泣きました。これ以上とないくらい泣きました。あなたのことを思い出して、あなたの笑顔を思い出して…。気がつくともう夕方。秋の優しい夕焼けが、わたしの体を包み込んでいました。それは、あなたに抱かれているような…。目をごしごし擦って涙を拭きます。まだ涙の跡が残ってるかしら…。そう思って洗面所へ行き洗面台の鏡に映った自分の顔を見ました。ひどい顔…。こんな顔のままでいたら、名雪たちは絶対心配することでしょう。そう思いばしゃばしゃと顔を洗いました。泣いた後はすっきりした気分になるって言いますけど、確かにそうですね? わたしもそんな気持ちです。
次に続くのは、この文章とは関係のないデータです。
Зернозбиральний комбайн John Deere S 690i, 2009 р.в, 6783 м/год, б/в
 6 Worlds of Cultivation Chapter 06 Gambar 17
台所の肉じゃがはどうなったかしら? そう思い台所に向かいます。鍋の中を覗くとじゃがいもに煮汁がしみ込んでいい色になっていました。味見に一口食べてみます。にっこり微笑みました。今日はわたしの誕生日。きっと名雪たちはもうすぐ帰ってくるでしょう。そう考えていると、玄関の方から音が聞こえてきます。多分名雪たちでしょうね? そう思って玄関へ向かいました。
「お帰りなさい。名雪、あゆちゃん、真琴、祐一さん…」
「ただいま、お母さん。今帰ったよ?」
「ただいま、お母さん。ねえ、今日の晩御飯は?」
「うぐぅ〜。真琴ちゃん、さっきからそればっかりなんだよ? どう思う? お母さん」
三人のわたしの愛する娘たち。そして、甥っ子は一人ため息を吐くとこう言います。その顔はなんとなく昔のあなたに似ていました。
「はぁ〜、名雪もあゆも真琴も…。もっと肝心なことがあるだろ?」
そう言うと何かに気がついたかのように、ごそごそと後ろ手に隠している鞄からかわいい包装紙にくるまれた箱をを取り出して、みんなを代表して名雪がこう言いました。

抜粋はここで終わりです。